_BRIEF_
Return nothing but the lines from the one with "1st image of" through the one with "Чорна вкорочена футболка FASHIONISTA" in the data below, word for word and without pictures.

_RECORDS PROVIDED_
────────────────────

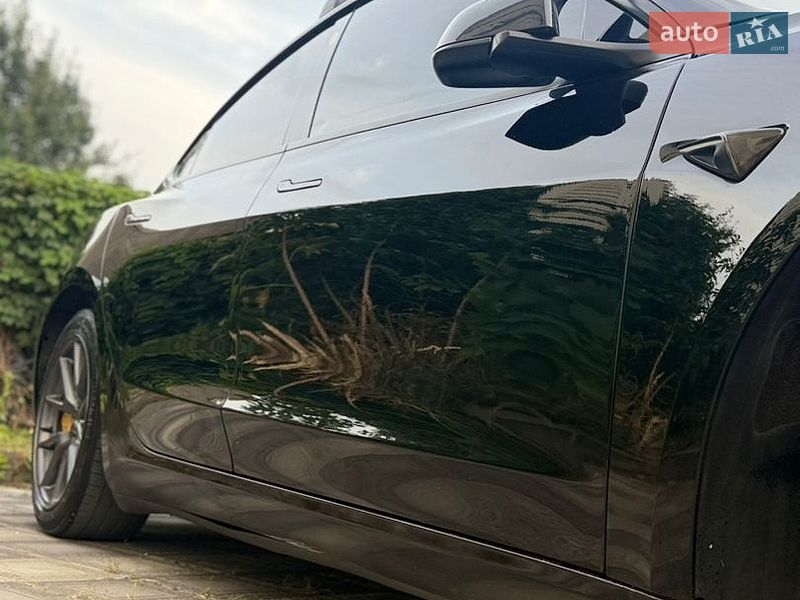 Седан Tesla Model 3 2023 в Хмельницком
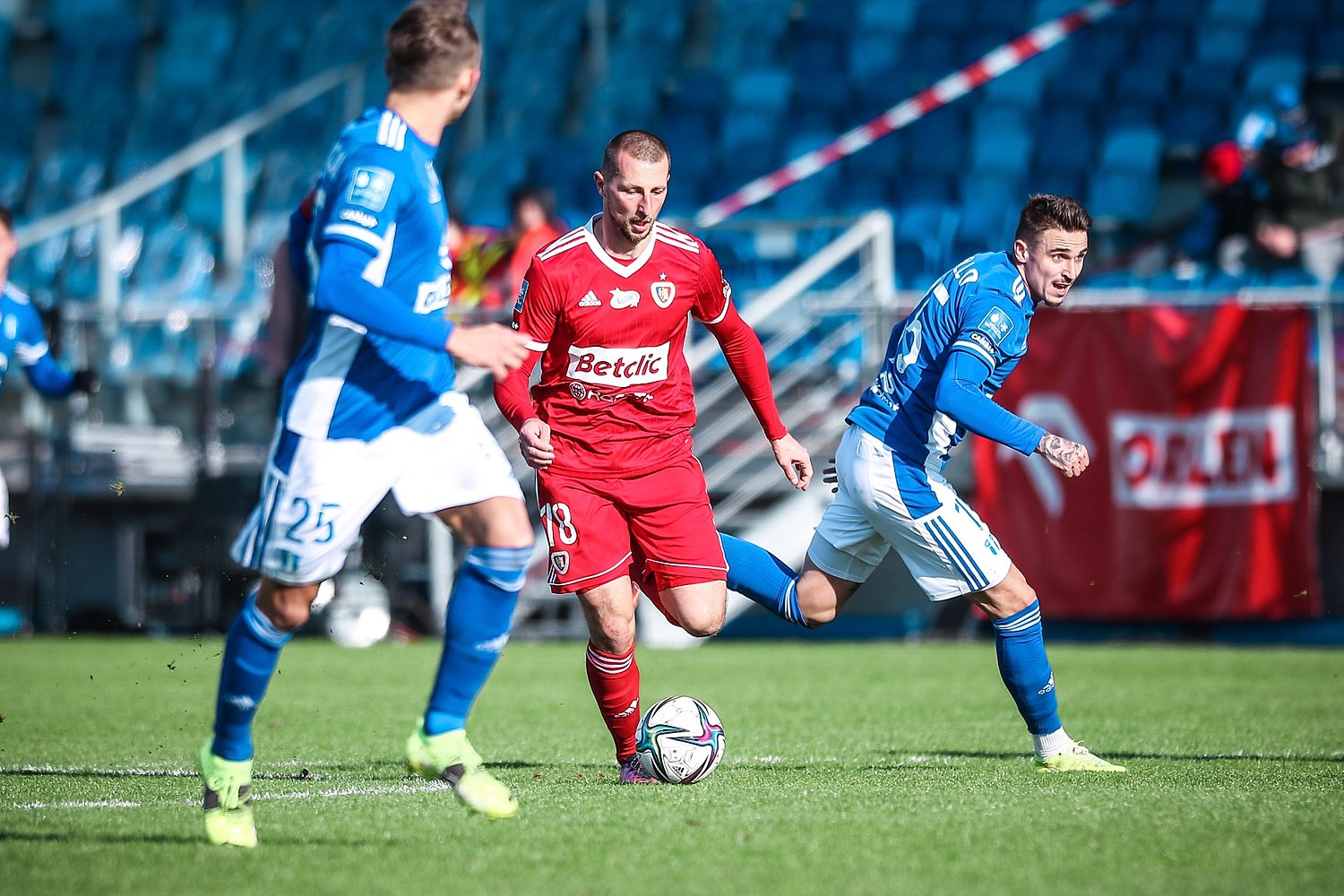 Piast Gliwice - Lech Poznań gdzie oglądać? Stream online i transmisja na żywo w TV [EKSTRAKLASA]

────────────────────

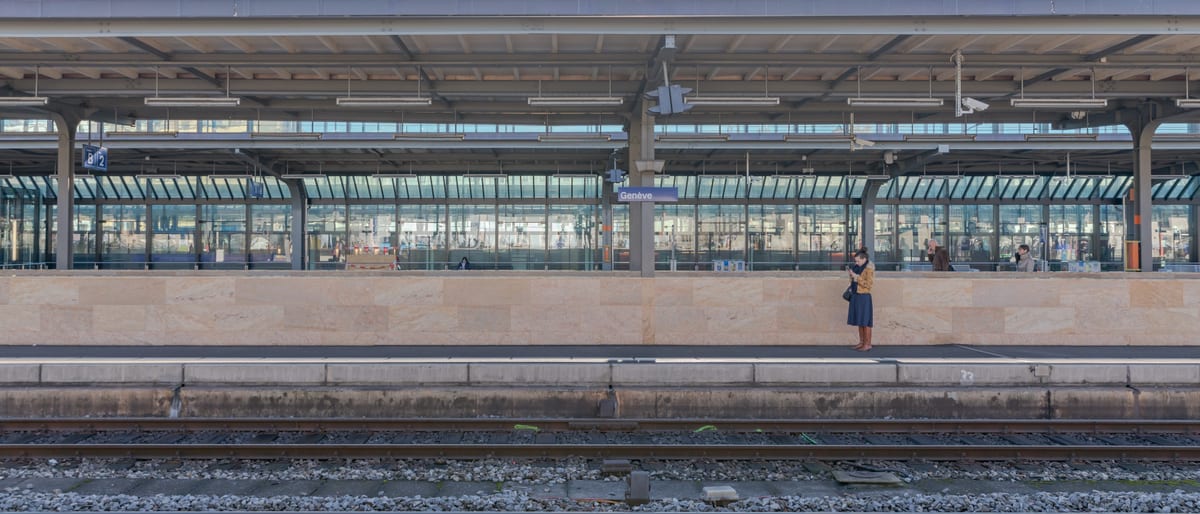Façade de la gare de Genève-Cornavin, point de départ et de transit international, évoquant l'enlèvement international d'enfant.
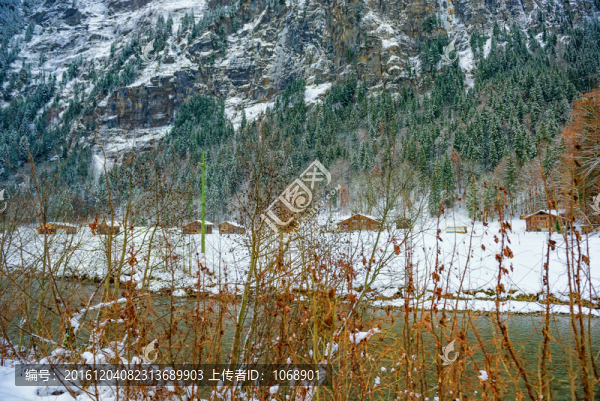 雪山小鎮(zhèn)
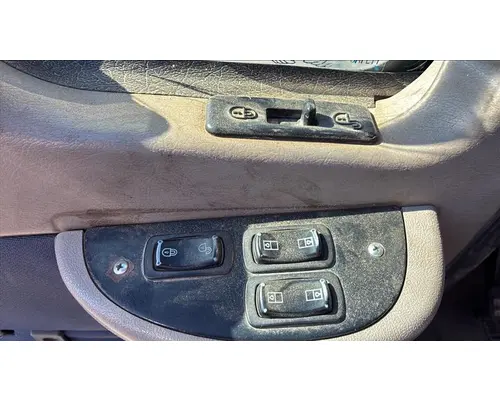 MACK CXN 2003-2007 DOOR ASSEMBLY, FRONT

────────────────────

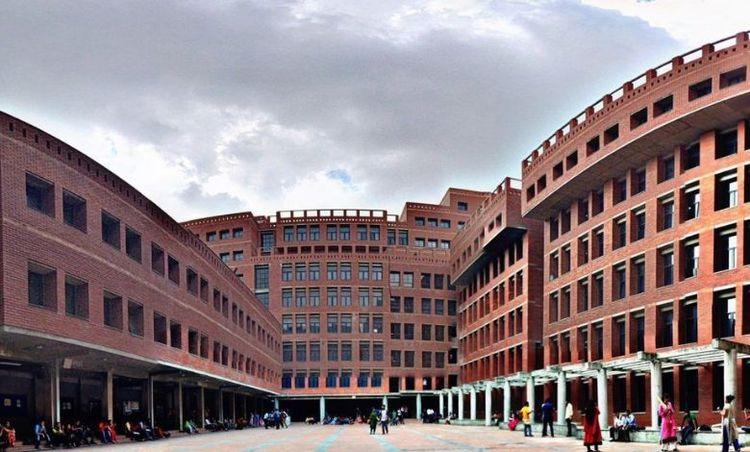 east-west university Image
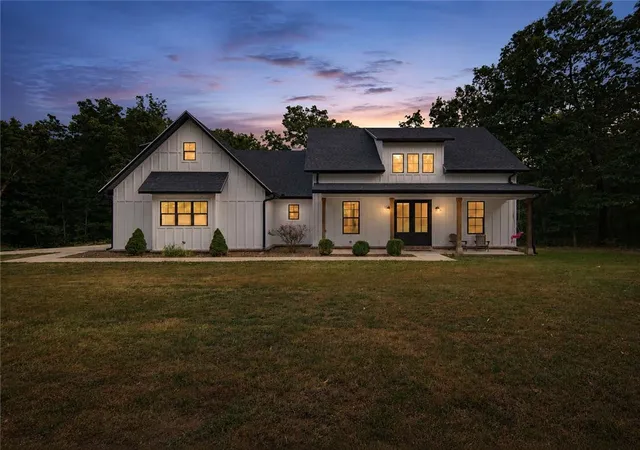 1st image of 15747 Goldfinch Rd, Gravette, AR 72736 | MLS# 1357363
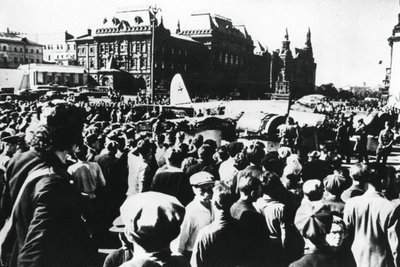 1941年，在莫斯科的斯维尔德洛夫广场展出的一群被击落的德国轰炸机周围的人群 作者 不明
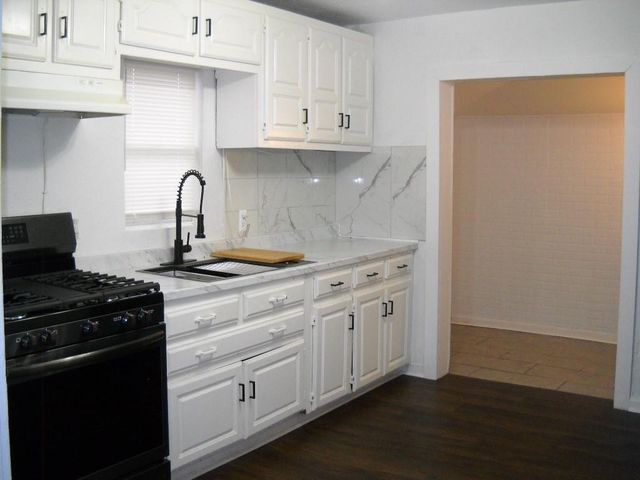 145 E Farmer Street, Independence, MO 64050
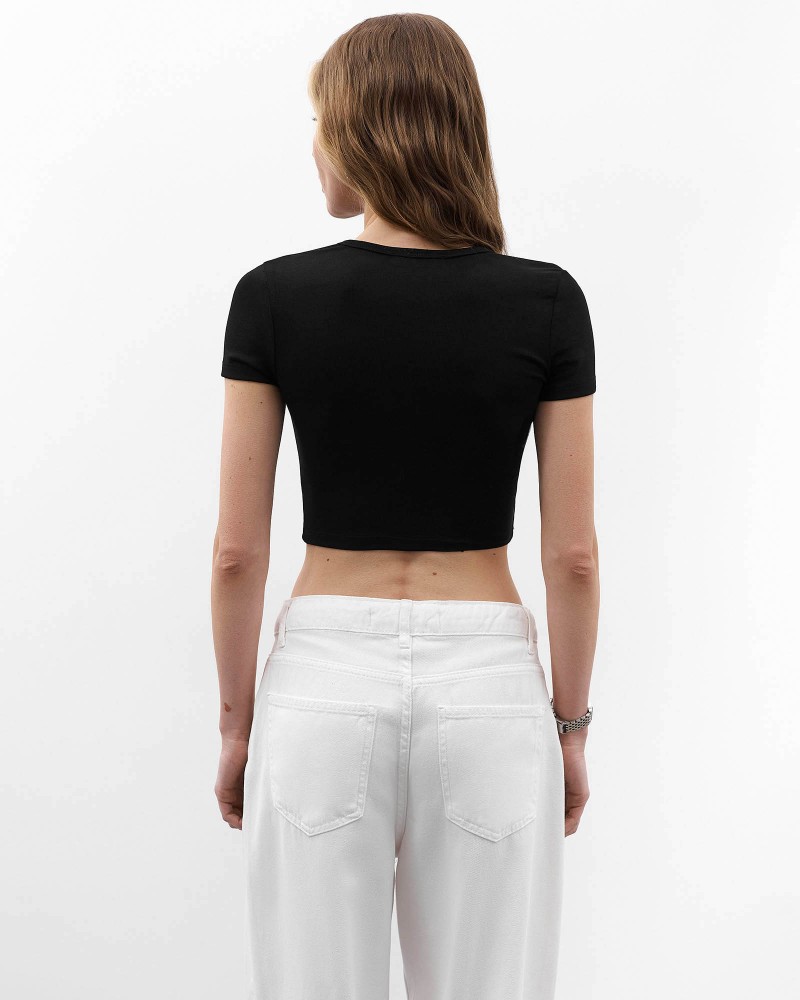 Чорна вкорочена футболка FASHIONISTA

────────────────────

_ANSWER_
 1st image of 15747 Goldfinch Rd, Gravette, AR 72736 | MLS# 1357363
 1941年，在莫斯科的斯维尔德洛夫广场展出的一群被击落的德国轰炸机周围的人群 作者 不明
 145 E Farmer Street, Independence, MO 64050
 Чорна вкорочена футболка FASHIONISTA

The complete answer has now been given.